According to Navasota Municipal Judge Pat Gruner, the number of drivers without U.S. citizenship ticketed for driving without a license is increasing. As a judge, she is sworn to uphold state law and that includes imposing fines for driving on public roadways without a license.
Gruner said, “The citizenship process may take 4-5 years or longer. Meanwhile, these people want to get to work and get their children to school; however, they are driving illegally. When an officer stops them and the driver is unable to produce a driver’s license, they write the driver a ticket.”
She continued, “Most of these folks come to City Hall right away and pay the fine but it does not solve the problem.”
Other situations involve parents who fail to properly secure their children in the car or drive intoxicated with children in the car.
Gruner said, “When children are involved, they have no one to advocate for them when their parents do not insure their safety when riding in a car. It falls on the judge and the Court to be the advocate.”
Gruner explained that after admonishing the parent, the appropriate fine is assessed.
She recalled a recent case saying, “A man was cited for passing in a no-passing zone while speeding, with an open container and four minor children not wearing seatbelts, or in a required child safety seat.”
No easy fix
According to Gruner, Navasota Municipal Court sees 4-5 juveniles/minors each month. Juvenile age is 10-16 and Minor is 1718 for most offenses. Cases range from smoking, fighting, driving without a license to theft or possession of alcohol or drug paraphernalia. Texas law requires a parent to appear in court.
Gruner said, “It’s an opportunity to reach and teach. Former Municipal Judge John LeFlore never hesitated to fine bad parents for failing to teach kids right from wrong. Many parents admit in Court they allowed their 15-year old son or daughter to drive with no license or insurance, at night, to go to Bryan or elsewhere.”
Serious crimes by juveniles such as auto theft, carrying a weapon and evading arrest require the juvenile and a parent or guardian to appear in Municipal Court. After rights are read, the young offender may be sent to a juvenile justice facility in Brazos, Montgomery or another county with an open spot; however, this may be in the middle of the night and juvenile facilities are often full.
Gruner said, “The lack of resources for juvenile offenders is a growing problem. Their age is much younger than their street smarts! Present law practically excuses them from criminal responsibility. There are no quick or cheap fixes.”
The RED class
For the past two years, Gruner has used Reality Education for Drivers (RED) as a sentencing tool for drivers aged 17-25 who come to her court for excessive speed – 90 to 120-plus mph.
The free class is offered by Texas A&M AgriLife Extension Service, TxDOT and WATCH UR BAC Alcohol and Drug Awareness Program and referrals come from judges and justices of the peace.
The five-hour in-person class has been held three times at Navasota City Hall and three more classes are scheduled over the next nine months.
Gruner said, “At class starting time, entry doors are locked and no one is admitted late.
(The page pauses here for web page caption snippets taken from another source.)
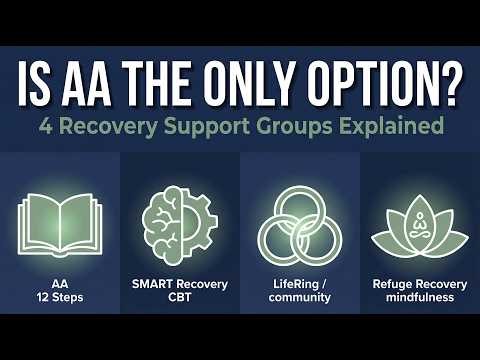 Is AA The Only Option? A Clinical Guide To Four Recovery Support Group
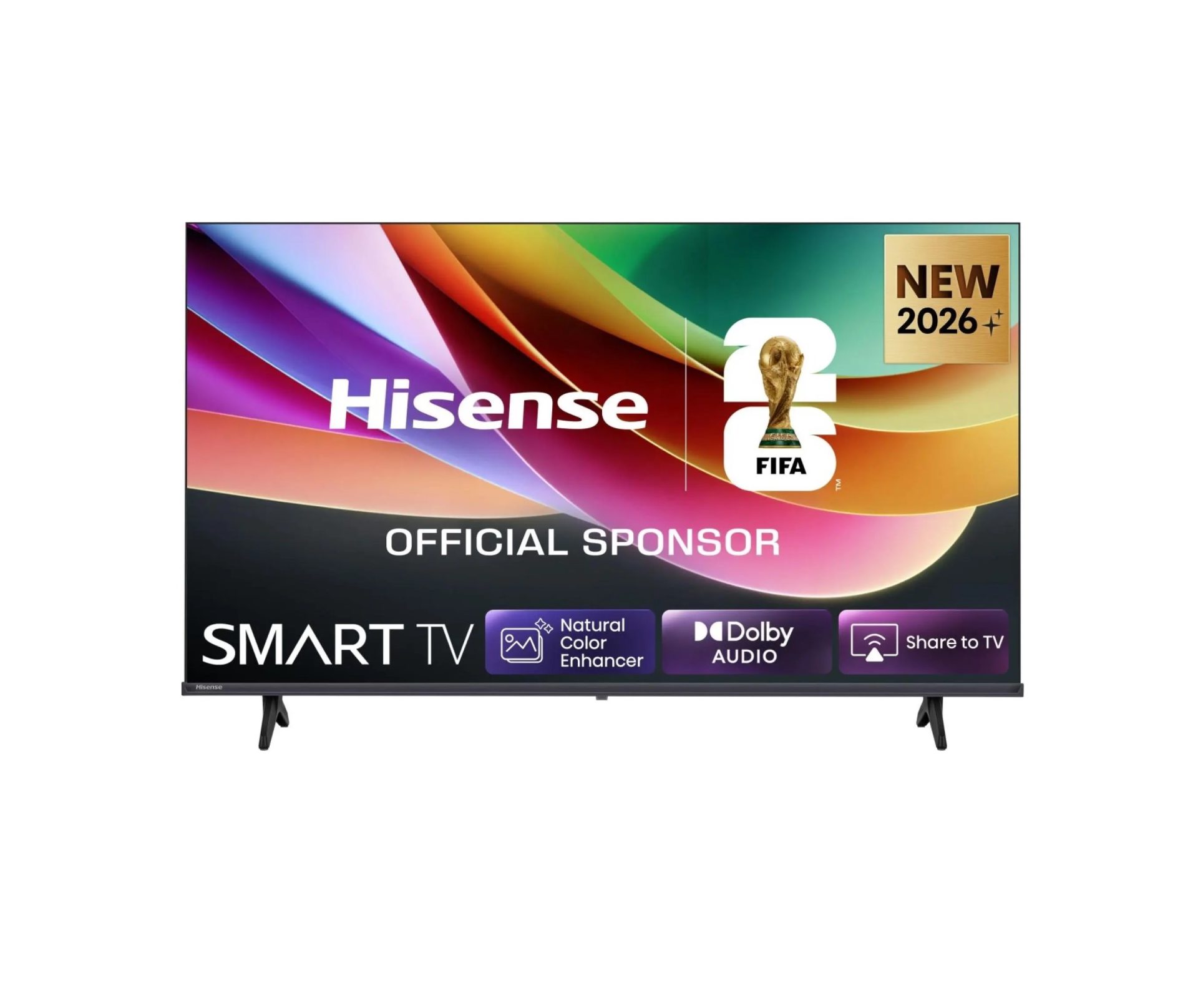 Hisense 32A4S (32”) HD Smart TV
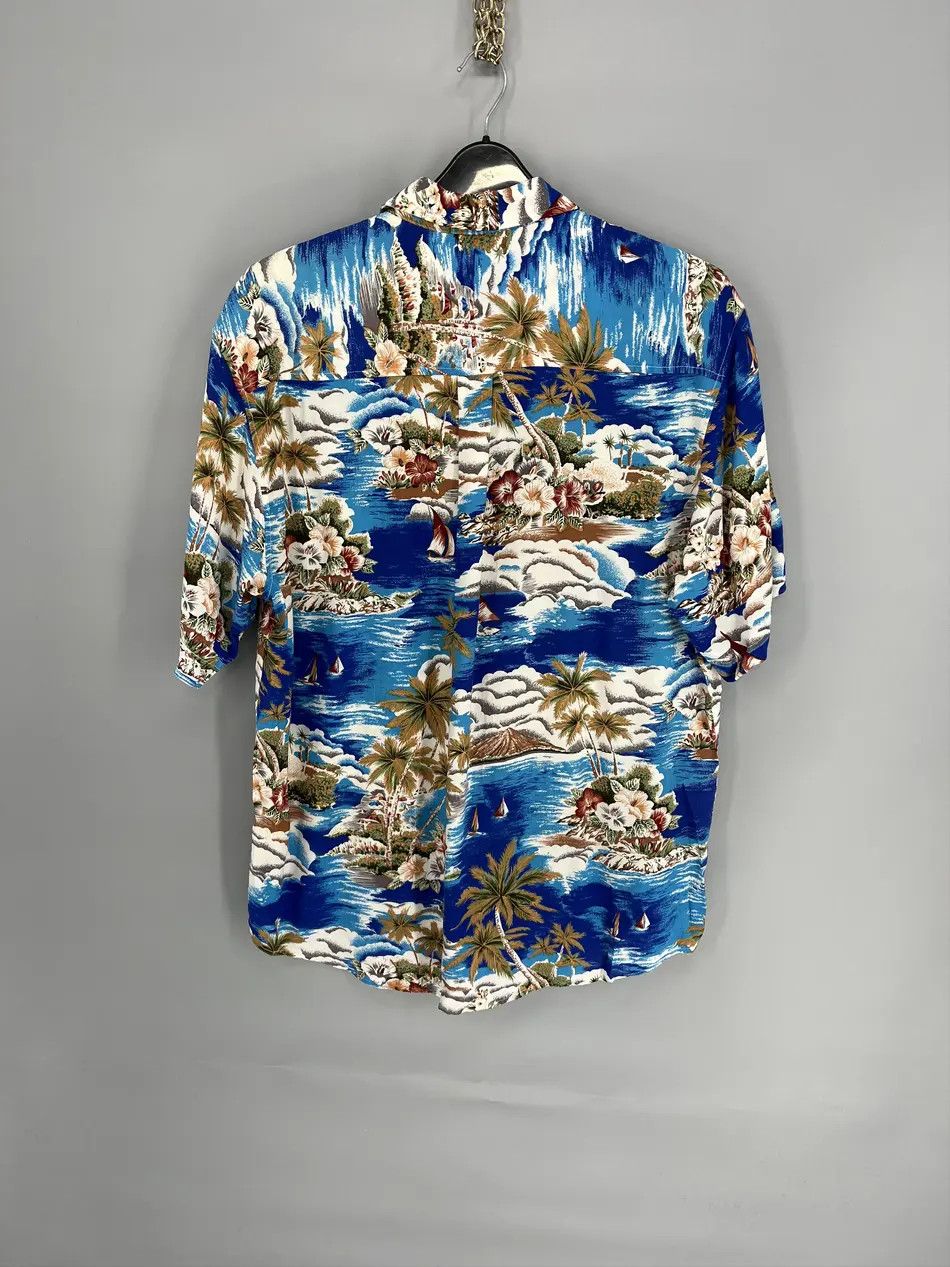 Vintage Vintage Y2K Art Streetwear Hawaiian Travis Scott style Size US XL / EU 56 / 4 - 9 Thumbnail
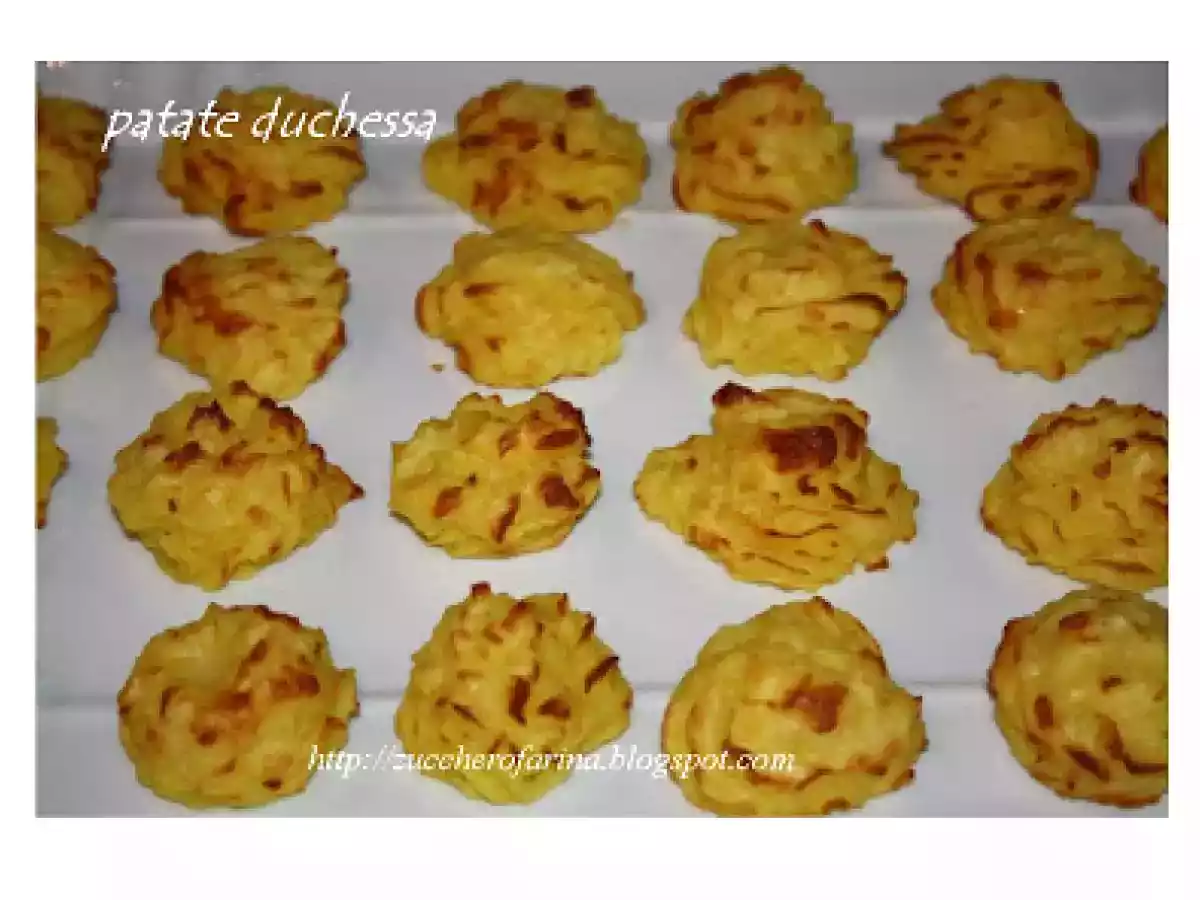 Salmone alla panna acida e patate duchessa - foto 3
It’s intense, gripping and interesting, reviewing choices drivers make every time they get behind the wheel. Including compelling videos about seat belt use, impaired from texting, alcohol and drugs, to drowsiness, the number of passengers in the car and their behavior.”
She continued, “It’s like ‘Scared Straight’ for drivers and is an effective tool. Three defendants have come back to my Court on their own just to thank me for making them attend RED.”
Justice and mercy
Reiterating the message of the Municipal Court Week proclamation, Gruner said, “Municipal Court is the face of Navasota to many. It is important to treat every defendant with courtesy and respect. I am grateful to the Navasota City Council for believing in me and trusting me. This work is meaningful and puts me in a position to help the people of Navasota. It’s about justice and mercy.”